This story is hot off the presses. Thousands of students and teachers who were out protesting a new law in Greece that would govern the functioning of Universities were brutally repressed by police. Reports are coming in that the police repression is on-going, and the arrestees are having a hard time. This situation is still developing and more details are likely to emerge over the next couple of days…
On Thursday afternoon, the government began the process of voting on the new legislation despite a enormous public outcry. Students, teachers, and academics have been involved in an ongoing struggle since May 2006 with the government, which has included occupations of schools and faculties, strikes and several demonstrations.
Today, over 35,000 students, teachers, and academics flooded the streets of Athens to participate in a public demonstration surrounding the Parliament. In front of Parliament is where the police brutality began to come into play. Some of the demonstrators purportedly clashed with police while the air was then filled with asphyxiating and tear gass, and rubber bullets were shot. This broke up the march into several factions, and a random 100 or so demonstrators who happened to be at the wrong place at the wrong time found themselves found themselves beaten and subdued by heavy police force. Several more attacks followed to break up the crowd into even smaller factions, and police began beating teachers as well as the students. Many individuals fled the scene and hid in nearby buildings to escape the situation.
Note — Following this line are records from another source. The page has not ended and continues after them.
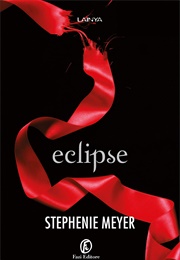Eclipse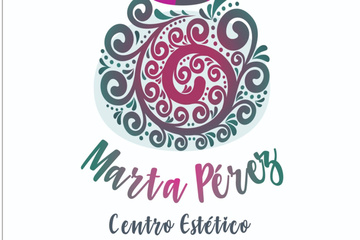 Centro Estético Marta Pérez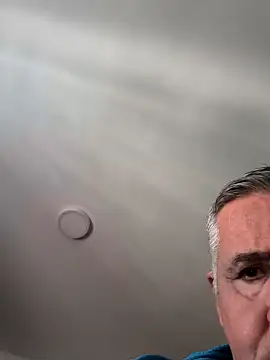 parejamlga58 online show from November 2025 02:50:02 PM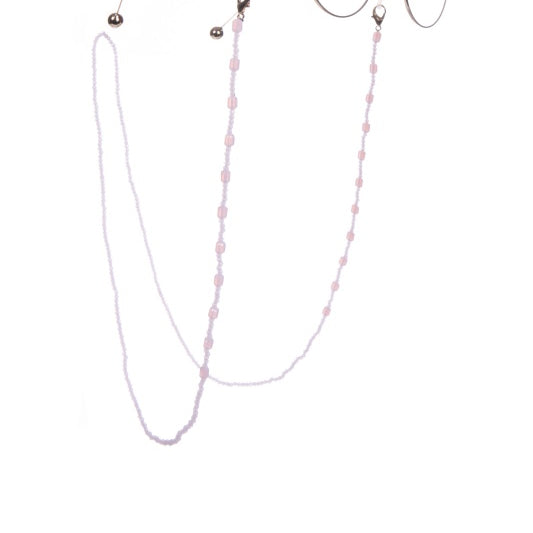 Glasses Holder EC5635 - Pink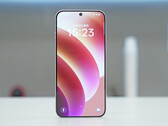 Oppo Find X8 krijgt ondersteuning voor magnetisch draadloos opladen (Afbeelding bron: Oppo)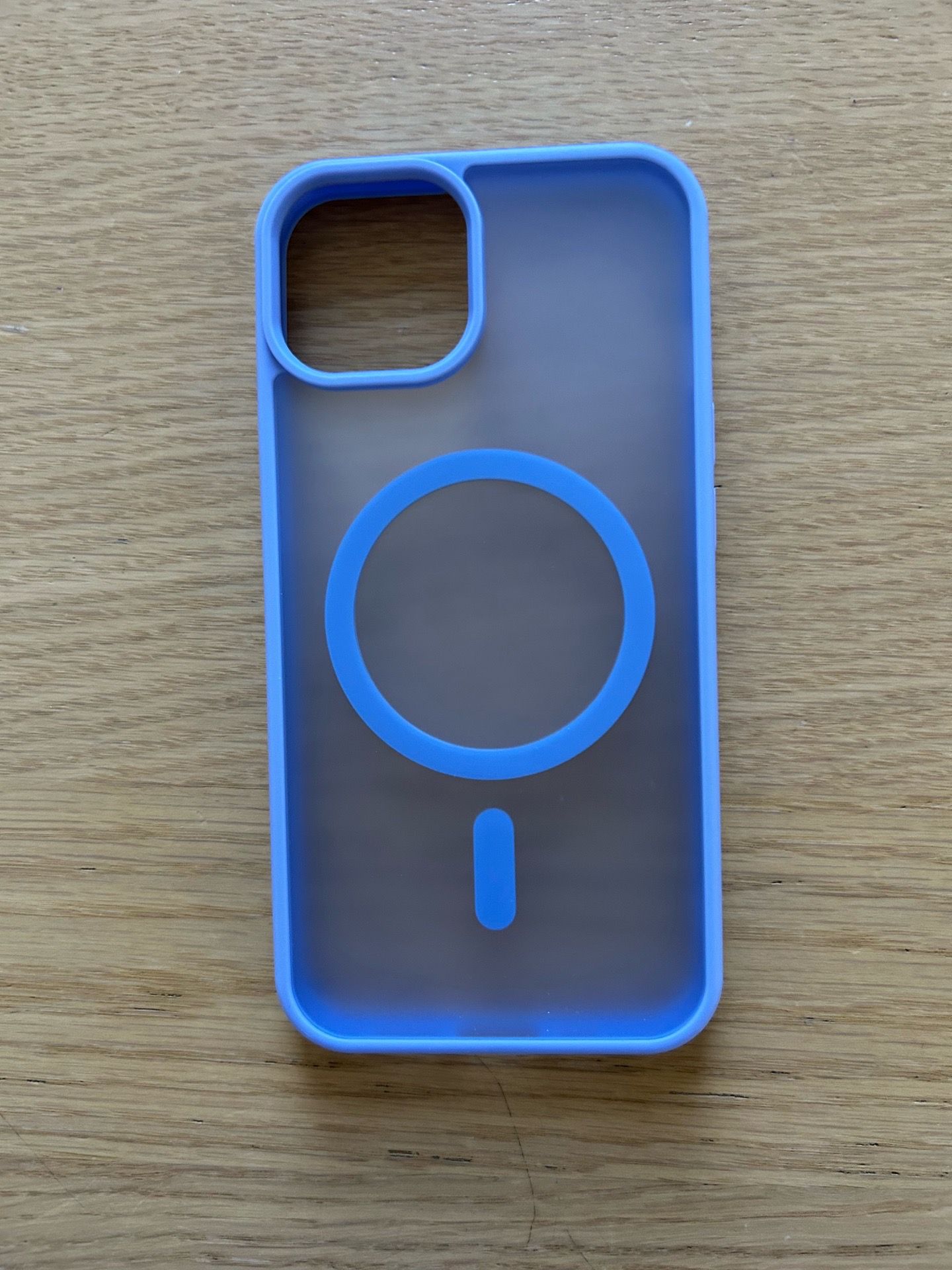 Phone case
Reports from Athens police headquarters indicate that all of the 62 detainees will be considered as arrestees, 45 people have been taken to the hospital. The prosecutors are not allowing the detainees to meet with lawyers, and are preventing five injured detainees from seeking medical care at the hospital.
Rioting started in Thessaloniki city following a spontaneous solidarity march that formed in protest for the repression that had just taken place in Ahtens. Reports indicate that the riot police are spraying tear gas towards the university, and that students in the Tessaloniki Polytechnic Faculty are suffering. The university’s student radio is reporting that the tear gas has infiltrated the corridors, and that hundreds of students are trying to escape the gas, ducking into rooms or making their way on to the roof tops. 1 student has been reported to have been injured in Thessaloniki after having been hit by one of the police’s tear gas rockets.
The student radio is reporting that they feel as if they are facing only the first implications of the new legislation, and that many of the students and faculty feel as though they are now under a dictatorship.